Non-violent protest turns ugly? Duh...

Josh Dulaney's Daily Bulletin article begins as follows:

What began as a nonviolent protest by hundreds of warehouse workers led to a bloody confrontation, several arrests and snarled traffic in all directions.

View Larger Map

When I wrote about Warehouse Workers United's first protest earlier in May, I quoted from their statement. Excerpts:

Warehouse workers, local clergy, community members, and area students will participate in a civil disobedience outside the warehouse of an as-yet named major national retailer on Thursday, May 14th at 2pm....


Direct action/civil disobedience to block distribution at a major corporate warehouse. Arrests are likely.

Their second announcement began as follows:

On May 28th, Warehouse Workers United will stage a major act of civil disobedience in what has become an escalating campaign to draw attention to the economic meltdown in the Inland Empire and its impact on warehouse workers and their families.

When you say that arrests are likely at your first event, and you characterize your second event as part of "an escalating campaign," one shouldn't be surprised at what happened next.

[F]orklift driver Marq Stonestreet, 24, of Rialto drove a forklift into the intersection and stopped, to the cheers of his fellow protesters.

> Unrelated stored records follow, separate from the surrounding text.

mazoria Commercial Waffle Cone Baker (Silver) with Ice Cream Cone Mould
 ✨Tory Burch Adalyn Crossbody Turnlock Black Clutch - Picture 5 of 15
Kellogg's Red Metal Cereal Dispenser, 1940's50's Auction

A group of warehouse workers linked themselves with handcuffs and duct tape to form a human wall around the forklift.

Eventually one of the drivers who was inconvenienced by the traffic snarl attempted to go through the intersection anyway in his pickup, two of the protestors hung onto the bed of the truck, a fight ensued, and police arrested people from both sides of the fight.

But will this help jobs in the Inland Empire? Not for one person, according to the Daily Bulletin.

Mike Heffner of Riverside was one of those blocked in traffic as protesters chanted, clapped, played music and sang.

He was late for work at a nearby K-Mart.

"If I don't get to work on time, I'm going to lose my job," he said.

Heffner, who said he's in a union, said he tried to explain his situation to the warehouse workers, who refused to let him through.

As you'll recall, I previously noted that Warehouse Workers United is actually sponsored by seven unions, including the Teamsters, the SEIU, and the UFCW. I'm not sure if Heffner is a member of one of those unions, but I wonder how many other union members had problems because of Warehouse Workers United's actions this week. Or in future weeks; KPCC:

Warehouse Workers United promises to organize similar actions until the companies they're targeting agree to meet with workers over their demands.